Role
- Product Designer
- Developer
Timeline
- October 2025 - December 2025
Skills
- Design Research
- Product Design
- Hardware Prototyping
- Computer Vision
Technologies
- SvelteKit
- Tailwind
- OpenCV
- FastAPI
- Supabase
- FastAPI
- Python
- Raspberry Pi
Overview
A retrofit device that brings embroidery capability to any sewing machine, reducing the barrier of entry to mending clothes.
I worked in a team of 4 to research, design and develop this digital + physical product design project, completed as part of my Master's in Design Engineering program at Harvard University. My responsibilities centered around designing and developing the mobile experience, as well as writing software to send embroidery instructions to our device.
Problem Statements
The average consumer throws away 81.5 lbs of clothes a year.
10% of of global carbon emissions are caused by the textile industry.
85% of all donated clothes in the United States still end up in landfills and incinerators creating over 11 million tons of textile waste per year.
Key Insights
Extending the average garment’s life by nine months can cause a 20% reduction in its carbon and water footprint.
There is a renewed interest in visible mending practices and the right to repair.
The cheapest consumer embroidery machine costs $400+, while there is a surplus of sewing machines on the second hand market.
Approach
How can we build a device that lowers the barrier of entry to mending clothes through embroidery without automating away the meaning derived from manual effort?
We built a retrofit device using an off the shelf, inexpensive cartesian plotter with a CNC micro-controller, controlled using a Raspberry Pi, that can be attached to any existing mechanical sewing machine to add embroidery functionality.

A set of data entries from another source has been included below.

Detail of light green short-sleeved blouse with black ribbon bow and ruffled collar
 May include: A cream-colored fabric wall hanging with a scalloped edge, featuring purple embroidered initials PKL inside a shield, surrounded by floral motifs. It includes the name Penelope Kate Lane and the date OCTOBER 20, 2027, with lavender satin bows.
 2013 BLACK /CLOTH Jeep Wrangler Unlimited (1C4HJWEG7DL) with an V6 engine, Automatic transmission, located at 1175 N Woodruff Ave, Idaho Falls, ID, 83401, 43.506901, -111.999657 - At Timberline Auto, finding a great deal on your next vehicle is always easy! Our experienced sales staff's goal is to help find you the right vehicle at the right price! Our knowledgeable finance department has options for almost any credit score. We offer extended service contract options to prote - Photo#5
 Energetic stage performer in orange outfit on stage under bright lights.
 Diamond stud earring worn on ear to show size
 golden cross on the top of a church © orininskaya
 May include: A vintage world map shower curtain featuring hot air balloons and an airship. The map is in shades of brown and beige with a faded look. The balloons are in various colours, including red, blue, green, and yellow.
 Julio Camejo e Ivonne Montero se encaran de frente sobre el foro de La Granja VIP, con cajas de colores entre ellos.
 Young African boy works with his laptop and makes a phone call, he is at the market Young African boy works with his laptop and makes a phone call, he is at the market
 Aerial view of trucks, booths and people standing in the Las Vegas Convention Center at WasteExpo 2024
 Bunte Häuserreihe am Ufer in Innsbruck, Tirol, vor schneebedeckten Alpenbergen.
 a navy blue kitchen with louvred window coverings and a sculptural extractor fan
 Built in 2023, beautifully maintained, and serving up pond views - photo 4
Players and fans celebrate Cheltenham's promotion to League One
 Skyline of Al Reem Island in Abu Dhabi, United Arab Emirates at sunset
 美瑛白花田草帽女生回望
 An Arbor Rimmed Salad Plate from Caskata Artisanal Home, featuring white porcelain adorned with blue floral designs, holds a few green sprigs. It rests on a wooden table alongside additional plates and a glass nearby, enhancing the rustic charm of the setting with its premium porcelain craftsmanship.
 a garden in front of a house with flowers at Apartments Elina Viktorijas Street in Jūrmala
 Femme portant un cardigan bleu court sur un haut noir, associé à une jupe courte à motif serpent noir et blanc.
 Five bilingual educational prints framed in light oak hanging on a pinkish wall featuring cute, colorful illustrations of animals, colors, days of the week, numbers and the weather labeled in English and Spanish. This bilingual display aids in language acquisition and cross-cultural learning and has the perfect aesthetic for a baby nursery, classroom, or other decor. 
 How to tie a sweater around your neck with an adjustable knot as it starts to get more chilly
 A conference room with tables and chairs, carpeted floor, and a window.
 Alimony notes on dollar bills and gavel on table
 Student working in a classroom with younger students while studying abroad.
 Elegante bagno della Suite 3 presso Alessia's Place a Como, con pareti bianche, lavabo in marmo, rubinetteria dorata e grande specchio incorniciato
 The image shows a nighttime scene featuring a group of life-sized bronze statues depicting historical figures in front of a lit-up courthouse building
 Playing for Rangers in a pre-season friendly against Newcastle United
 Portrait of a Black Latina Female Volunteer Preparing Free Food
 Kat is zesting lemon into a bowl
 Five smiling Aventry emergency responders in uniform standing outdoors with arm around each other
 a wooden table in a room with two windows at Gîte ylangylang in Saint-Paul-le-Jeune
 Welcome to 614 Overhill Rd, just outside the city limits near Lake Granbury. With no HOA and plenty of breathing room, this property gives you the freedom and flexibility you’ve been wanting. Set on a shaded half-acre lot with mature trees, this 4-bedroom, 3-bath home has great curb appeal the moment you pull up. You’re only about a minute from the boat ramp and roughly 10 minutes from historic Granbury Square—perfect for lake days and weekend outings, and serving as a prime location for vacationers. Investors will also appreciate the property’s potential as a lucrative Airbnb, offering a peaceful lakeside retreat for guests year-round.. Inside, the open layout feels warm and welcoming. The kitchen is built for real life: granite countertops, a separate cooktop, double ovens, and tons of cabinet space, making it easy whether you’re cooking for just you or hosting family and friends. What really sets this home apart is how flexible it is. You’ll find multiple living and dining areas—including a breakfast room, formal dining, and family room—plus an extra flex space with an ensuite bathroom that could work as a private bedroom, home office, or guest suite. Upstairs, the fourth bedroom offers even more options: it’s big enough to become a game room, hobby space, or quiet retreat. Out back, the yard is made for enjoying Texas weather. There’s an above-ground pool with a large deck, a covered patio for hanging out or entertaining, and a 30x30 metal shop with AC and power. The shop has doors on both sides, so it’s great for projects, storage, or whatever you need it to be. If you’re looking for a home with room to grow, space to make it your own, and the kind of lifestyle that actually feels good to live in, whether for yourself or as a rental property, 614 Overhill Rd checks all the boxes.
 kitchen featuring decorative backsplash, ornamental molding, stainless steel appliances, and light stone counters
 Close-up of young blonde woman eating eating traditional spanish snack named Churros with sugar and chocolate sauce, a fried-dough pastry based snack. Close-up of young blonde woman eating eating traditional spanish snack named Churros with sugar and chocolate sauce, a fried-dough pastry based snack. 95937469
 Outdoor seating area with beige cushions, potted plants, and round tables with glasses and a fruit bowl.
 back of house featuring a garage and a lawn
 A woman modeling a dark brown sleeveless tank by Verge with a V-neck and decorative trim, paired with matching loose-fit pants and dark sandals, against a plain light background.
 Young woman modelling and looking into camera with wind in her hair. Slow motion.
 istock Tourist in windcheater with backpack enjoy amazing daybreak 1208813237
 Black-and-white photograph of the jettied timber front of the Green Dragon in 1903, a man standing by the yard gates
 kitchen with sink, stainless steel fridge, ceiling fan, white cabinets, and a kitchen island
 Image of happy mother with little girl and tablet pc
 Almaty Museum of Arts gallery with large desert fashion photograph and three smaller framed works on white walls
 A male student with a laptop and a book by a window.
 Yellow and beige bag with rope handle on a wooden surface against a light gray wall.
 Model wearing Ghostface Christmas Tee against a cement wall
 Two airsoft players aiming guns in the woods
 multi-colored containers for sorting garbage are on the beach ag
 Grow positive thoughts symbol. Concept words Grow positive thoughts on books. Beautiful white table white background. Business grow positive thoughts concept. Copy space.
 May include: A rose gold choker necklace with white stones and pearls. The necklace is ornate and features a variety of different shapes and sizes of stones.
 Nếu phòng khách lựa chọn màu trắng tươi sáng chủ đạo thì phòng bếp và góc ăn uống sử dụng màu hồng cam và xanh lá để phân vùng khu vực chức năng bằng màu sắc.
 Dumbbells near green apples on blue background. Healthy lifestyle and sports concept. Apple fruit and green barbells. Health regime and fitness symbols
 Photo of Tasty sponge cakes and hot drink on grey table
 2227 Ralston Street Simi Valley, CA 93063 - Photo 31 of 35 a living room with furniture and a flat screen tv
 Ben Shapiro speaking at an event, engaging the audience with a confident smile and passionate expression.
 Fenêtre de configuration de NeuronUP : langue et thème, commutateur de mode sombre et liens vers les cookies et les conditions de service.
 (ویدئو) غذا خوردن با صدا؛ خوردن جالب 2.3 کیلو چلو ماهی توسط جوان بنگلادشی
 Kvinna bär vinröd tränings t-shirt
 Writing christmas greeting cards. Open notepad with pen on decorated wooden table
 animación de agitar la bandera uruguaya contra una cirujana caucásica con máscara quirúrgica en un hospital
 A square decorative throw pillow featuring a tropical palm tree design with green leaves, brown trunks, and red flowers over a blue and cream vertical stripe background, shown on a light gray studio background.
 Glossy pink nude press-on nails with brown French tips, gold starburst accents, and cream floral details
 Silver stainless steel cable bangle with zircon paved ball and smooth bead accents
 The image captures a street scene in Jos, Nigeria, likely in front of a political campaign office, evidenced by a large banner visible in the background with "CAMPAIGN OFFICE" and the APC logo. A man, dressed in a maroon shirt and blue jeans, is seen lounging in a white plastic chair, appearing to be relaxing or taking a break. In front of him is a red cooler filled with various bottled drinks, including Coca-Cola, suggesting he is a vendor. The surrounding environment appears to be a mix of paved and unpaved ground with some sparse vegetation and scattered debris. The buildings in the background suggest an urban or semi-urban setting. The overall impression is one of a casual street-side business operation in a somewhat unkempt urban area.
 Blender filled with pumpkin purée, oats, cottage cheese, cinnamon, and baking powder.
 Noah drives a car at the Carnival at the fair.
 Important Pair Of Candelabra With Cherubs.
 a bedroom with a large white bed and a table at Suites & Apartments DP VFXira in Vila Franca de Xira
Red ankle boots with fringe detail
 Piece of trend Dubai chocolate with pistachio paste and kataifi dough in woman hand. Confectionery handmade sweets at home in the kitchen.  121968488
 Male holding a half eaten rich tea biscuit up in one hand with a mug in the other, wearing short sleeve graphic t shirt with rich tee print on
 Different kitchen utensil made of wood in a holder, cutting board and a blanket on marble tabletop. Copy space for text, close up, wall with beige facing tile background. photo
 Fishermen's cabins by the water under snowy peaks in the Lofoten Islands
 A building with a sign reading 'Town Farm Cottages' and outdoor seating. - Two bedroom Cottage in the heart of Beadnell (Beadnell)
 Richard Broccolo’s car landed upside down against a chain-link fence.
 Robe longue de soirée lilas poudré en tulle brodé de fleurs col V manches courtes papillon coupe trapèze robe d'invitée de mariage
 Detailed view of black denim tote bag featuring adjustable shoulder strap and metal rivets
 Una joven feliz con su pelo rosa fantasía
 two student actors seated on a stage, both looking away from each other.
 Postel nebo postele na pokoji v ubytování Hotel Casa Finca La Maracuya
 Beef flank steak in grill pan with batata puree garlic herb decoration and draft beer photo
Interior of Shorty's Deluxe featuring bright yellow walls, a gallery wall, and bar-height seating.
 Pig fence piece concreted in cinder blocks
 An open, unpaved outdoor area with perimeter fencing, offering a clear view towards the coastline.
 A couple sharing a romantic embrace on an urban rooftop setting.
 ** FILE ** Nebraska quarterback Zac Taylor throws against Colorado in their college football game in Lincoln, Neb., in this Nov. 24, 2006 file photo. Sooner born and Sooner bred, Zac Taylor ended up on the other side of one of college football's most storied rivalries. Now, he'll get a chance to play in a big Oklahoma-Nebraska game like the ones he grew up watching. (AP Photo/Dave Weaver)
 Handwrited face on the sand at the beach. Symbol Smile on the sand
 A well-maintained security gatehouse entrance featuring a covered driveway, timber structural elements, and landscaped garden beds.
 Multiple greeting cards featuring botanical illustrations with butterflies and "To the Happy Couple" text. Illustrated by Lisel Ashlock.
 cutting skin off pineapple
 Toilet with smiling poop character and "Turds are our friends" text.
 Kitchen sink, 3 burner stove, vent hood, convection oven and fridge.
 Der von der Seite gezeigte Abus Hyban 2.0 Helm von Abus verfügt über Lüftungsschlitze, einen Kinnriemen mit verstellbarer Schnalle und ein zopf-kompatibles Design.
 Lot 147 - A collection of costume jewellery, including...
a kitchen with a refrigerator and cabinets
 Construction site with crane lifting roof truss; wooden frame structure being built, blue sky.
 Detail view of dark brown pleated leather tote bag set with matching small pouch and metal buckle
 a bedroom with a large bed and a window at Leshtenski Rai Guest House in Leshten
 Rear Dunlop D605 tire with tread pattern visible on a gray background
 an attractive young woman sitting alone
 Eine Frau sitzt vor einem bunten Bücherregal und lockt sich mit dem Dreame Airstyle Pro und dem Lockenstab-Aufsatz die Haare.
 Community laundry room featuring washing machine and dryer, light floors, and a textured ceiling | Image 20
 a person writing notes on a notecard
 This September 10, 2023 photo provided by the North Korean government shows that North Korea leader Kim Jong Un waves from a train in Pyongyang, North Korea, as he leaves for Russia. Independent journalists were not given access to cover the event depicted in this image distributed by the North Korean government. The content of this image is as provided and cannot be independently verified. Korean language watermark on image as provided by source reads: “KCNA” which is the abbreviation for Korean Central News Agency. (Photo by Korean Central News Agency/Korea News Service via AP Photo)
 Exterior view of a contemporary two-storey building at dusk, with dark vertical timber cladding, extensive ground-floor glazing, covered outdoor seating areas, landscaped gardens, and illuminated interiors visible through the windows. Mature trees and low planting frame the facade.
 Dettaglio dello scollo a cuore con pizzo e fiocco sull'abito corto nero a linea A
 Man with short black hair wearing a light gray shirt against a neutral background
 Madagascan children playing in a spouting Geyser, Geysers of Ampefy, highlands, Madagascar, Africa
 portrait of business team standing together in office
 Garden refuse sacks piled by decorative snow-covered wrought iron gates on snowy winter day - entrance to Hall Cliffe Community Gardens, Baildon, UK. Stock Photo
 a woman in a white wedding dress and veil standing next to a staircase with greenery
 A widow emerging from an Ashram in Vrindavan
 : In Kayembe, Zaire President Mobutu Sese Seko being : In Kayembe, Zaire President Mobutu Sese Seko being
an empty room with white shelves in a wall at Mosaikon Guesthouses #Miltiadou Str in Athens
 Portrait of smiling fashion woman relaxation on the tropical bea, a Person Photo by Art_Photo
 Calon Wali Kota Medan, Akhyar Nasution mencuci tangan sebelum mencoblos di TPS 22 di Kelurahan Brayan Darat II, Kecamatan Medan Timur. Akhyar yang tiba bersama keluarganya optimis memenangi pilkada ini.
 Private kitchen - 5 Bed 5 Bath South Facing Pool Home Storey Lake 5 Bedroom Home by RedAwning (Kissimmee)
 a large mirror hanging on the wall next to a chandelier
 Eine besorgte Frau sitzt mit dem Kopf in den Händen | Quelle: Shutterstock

The device is controlled by a mobile application, Memory Mend, that allows uses to embed memories in the form of photos, videos, text and other media to generate a unique embroidery pattern. The patterns are scannable, allowing users to "unlock" the embedded memory by taking a photo with their phone.
Both the software and hardware products are intended to work together to create an intentional experience that aims to (re)build the human capacity for repair by lowering the barrier of entry to mending clothes through embroidery, while also creating a meaningful way to preserve and share memories associated with clothing to help extend their life.
Solution
Hardware
The device is split into two main parts: once houses the X-Y plotter and CNC micro-controller which sends signals to the the second which contains a Raspberry Pi, a DC motor and a Hall Effect sensor to control the needle movement of the sewing machine. I wrote Python code that translated the embroidery pattern into G-code instructions that the CNC micro-controller could understand to move the plotter in the X-Y plane.
Render of the Memory Mend retrofit device next to a sewing machine.
Final working prototype of the Memory Mend retrofit device.
Software
Starting a Memory Mend
Capture a photo and detect the damaged area using the built in YOLOv8 based damage detection computer vision model.
Embedding Memory & Pattern Generation
Input text, photos, videos or other medias associated with the garment to generate a unique pattern.
Scanning a Memory Mend
Scanning the embroidery pattern to unlock the embedded memory.
Process
Hardware
We undertook an iterative prototyping process to arrive at the final device, which involved using off the shelf components to rapidly test various configurations.
Software
Embedding Memories
When surveying users, the majority of people mentioned the primariry reason they hung onto old or damaged clothes was due to the memories associated with them. At the same time, as we talked to practitioners and experts, it became apparent that simply allowing the user to input any image or pattern to be embroidered as the default experience would cheapen the experience, since the project was focused on mending and much of the meaning derived from mending clothes is from the manual effort and time spent doing it. Withb both of these insights in mind, we came up with the idea of concept of memories into the patterns themselves and allowing users to scan or generate these unique patters, similar to QR codes but with a design inspired by traditional repair patterns.
Early sketches exploring various flows within the app.
Pattern Generation
The pattern is generated by hashing the contents of the memory media (photos, videos, text) to generate a unique 6 digit id. Each digit of the id is then converted into binary, with 0s and 1s representing whether a square in a 7x7 grid is stitched.
Diagram of memory encoding and decoding process.
Hardware + Software
The biggest challenge was syncing the movement of the cartesian plotter in the XY plane with the sewing machine needle's up and down motion in the Z plane. The X-Y movement had to complete while the needle was above the fabric, to prevent ripping. To accomplish this, we used a hall effect sensor along with a magnet attached to the sewing machine wheel that detected the timing cycle of the sewing machine, and sent signals to the Raspberry Pi, which in turn communicated with the cartesian plotter.

Reflection & Next Steps
We presented the project to a number of textile experts, researchers and designers and were met with positive feedback.
Next steps for the project include refining the hardware design to make it more compact and user-friendly, as well as expanding the software capabilities to include more customization options for embroidery patterns.